Proteolysis, modulated in part by intramural fibrinolytic system proteins and their inhibitors, appears to influence vascular smooth muscle cell (SMC) migration and proliferation and remodeling of extracellular matrix (ECM). Alterations of fibrinolysis in circulating blood and of proteolysis within vessel walls in experimental animals and patients with diabetes have been associated with accelerated vascular disease. Hyaluronan, a prominent component of ECM in normal vessels, is increased in the tunica media of macroscopically normal arterial vessels from patients with type 2 diabetes. To determine whether hyaluronan alters the expression of the fibrinolytic system protein, plasminogen activator inhibitor type-1 (PAI-1), in human vascular SMCs, thereby potentially accelerating vascular disease in patients with type 2 diabetes.

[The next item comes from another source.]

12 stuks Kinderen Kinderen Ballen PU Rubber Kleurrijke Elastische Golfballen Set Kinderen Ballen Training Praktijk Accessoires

Urokinase-type and tissue-type plasminogen activators (uPA and tPA) and PAI-1 were assayed in vascular SMC conditioned media and in cell lysates, using enzyme-linked immunosorbent assay and western blotting. Hyaluronan increased the 24-h release of PAI-1 into conditioned media in a concentration-dependent and time-dependent manner (1.8-fold compared with control with 1 mg/ml hyaluronan; n = 9, P < 0.01). Although the accumulation of uPA in conditioned media tended to increase also, uPA content was reduced in cell lysates (64% of control with 0.1 mg/ml hyaluronan at 24 h; n = 9, P < 0.01) without any change in PAI-1. Concentrations of tPA in conditioned media and cell lysates were unchanged. Digestion of hyaluronan with hyaluronidase (50 turbidity reducing units (TRU)/ml) or exposure of the smooth muscle cells to antihuman CD44 antibody (1 microgram/ml) that binds to the hyaluronan cell surface receptor obviated the effects of hyaluronan. Our results indicate that increases in hyaluronan increase vascular SMC expression of PAI-1, a phenomenon that may alter the balance between proteolysis and its inhibition in vessels of patients with type 2 diabetes, thereby contributing to the acceleration of macroangiopathy.